Também parece óbvio que tributar consumo é mais inteligente do que tributar estupidamente produção e trabalho, como tantos governantes têm preferido.
Mas nada disso confere viabilidade à hipérbole ilustrativa, ironicamente proposta acima como alternativa "fácil". Em matéria tributária, confluem equações abstrusas, incertezas, realidades opacas. E não espere que políticos onerem sua contabilidade eleitoral com precauções impopulares.
Tem razão, dr. Barroso.
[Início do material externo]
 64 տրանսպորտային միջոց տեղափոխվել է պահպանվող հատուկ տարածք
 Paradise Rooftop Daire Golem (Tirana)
Que a contenção do aquecimento global fique para gente de preferências veiculares mais modestas. Urgente é prevenir uivos de consumidores e eleitores desta geração. Clamores e gemidos da catástrofe que fiquem para os pósteros, pois, pois. Mas, se pensarmos como você, seremos pósteros nós todos.


ALDO PEREIRA , 75, é ex-editorialista e colaborador especial da Folha.